Este recuerdo me ha venido a la memoria porque estoy leyendo el libro
Ligero de equipaje, la biografía que Ian Gibson, el renombrado hispanista, dedica a Antonio Machado. Intercala su narrativa con poemas, textos y cartas escritos por el insigne autor y otros contemporáneos del gran poeta, como Unamuno, Ortega y Gasset o Juan Ramón Jimenez; y no deja de maravillarme el dominio que tenían de la lengua los intelectuales de esta época, capaces de hacer rendir a cada palabra toda su belleza y su mejor resonancia.
¿Se imaginan cómo sería recibir una carta de tan ilustres señorías? Desde el encabezado, que me parece que comenzaría con un: "mi querisídima amiga", ya habría comenzado yo a emocionarme.

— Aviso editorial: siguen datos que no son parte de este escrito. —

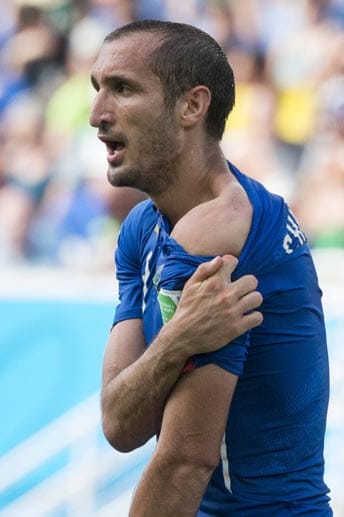 Seht her, er hat mich gebissen! Im Gruppenspiel der Italiener gegen Uruguay wird Giorgio Chiellini Opfer des "Beißers" Luiz Suarez.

En estos tiempos que corren, más que nunca, admiro aquel que se toma su tiempo en escribir bien y bonito, y más aún si se lo escribe a otro ser humano, y hasta temblar de emoción si lo hace físicamente: con un boli en la mano, con el boli sobre el papel. No desdeño los avances tecnológicos, la evolución y el progreso, pero ¡demonios!, ¡qué pérdida irreparable ha sido dejar de escribirse cartas! Las generaciones futuras ya nunca conocerán ese placer inmenso de recibir un sobre a su nombre, donde se le comuniquen otros asuntos que no sean cosas que debe pagar, que se le hayan cobrado ya, o que debe recoger en su oficina de correos.
Me entristece tanto pensar que los tiempos de la retórica hayan pasado a la historia... Pero quiero ser optimista: prefiero pensar que esta ciudad es muy grande y aún no he encontrado la rebotica donde una vez a la semana quedan los tertulianos a afilar sus lenguas retóricas para que no se les oxiden. Donde los platónicos conversan e intercambian saberes con los kantianos, los poetas con los copleros, los cuentistas con los juglares, Proust con Pericles.